PENTECOSTAL ASSEMBLIES OF GOD (K) v JOHN MALWENYI & OTHERS [2006] KEHC 2374 (KLR) | Arbitration Award Enforcement | Esheria

PENTECOSTAL ASSEMBLIES OF GOD (K) v JOHN MALWENYI & OTHERS [2006] KEHC 2374 (KLR)

Full Case Text

REPUBLIC OF KENYA

IN THE HIGH COURT OF KENYA AT KISUMU

CIVIL SUIT 29 OF 2005

PENTECOSTAL ASSEMBLIES OF GOD (K) suing through

JOHN JUMA ...............................................................................................PLAINTIFF

-VERSUS-

REV. JOHN MALWENYI & OTHERS .......................................................DEFENDANTS

Coram J. W. Mwera, Judge

Musiega for Defendants/Applicants

Aboge for Plaintiff/Respondent

Raymond CC.

R U L I N G

The defendants placed before this court a chamber summons dated 18/10/2002.  When Mr.
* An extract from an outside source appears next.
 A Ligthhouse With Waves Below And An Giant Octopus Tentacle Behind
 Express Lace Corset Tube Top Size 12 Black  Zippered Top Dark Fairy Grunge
Musiega rose to argue it, he abandoned provisions under Order 45 of Civil Procedure Rules and Section 3A Civil Procedure Act.  He concentrated on Sections 35, 37, of the Arbitration Act No. 4/95, the Act.  The prayers were that:-

i)  this court should not recognize and enforce an award of arbitration herein read on 28/9/2005.

ii)  the award should be set aside while the original dispute proceeds to hearing and determination.

The grounds listed in the application spoke of the award not stating the place and date (where and when) it was made and that this was contrary to the law.  That the award was not signed by all arbitrators and no reasons given for those omitted.  That the arbitral tribunal was not as per the agreement of the parties nor in accordance with the constitution of P.G.A - Kenya.  It was in the grounds and arguments that the arbitral proceedings were not in accordance with the Act and the applicants were not given a proper notice of the appointment of arbitrators or the proceedings themselves and that the applicants were under capacity.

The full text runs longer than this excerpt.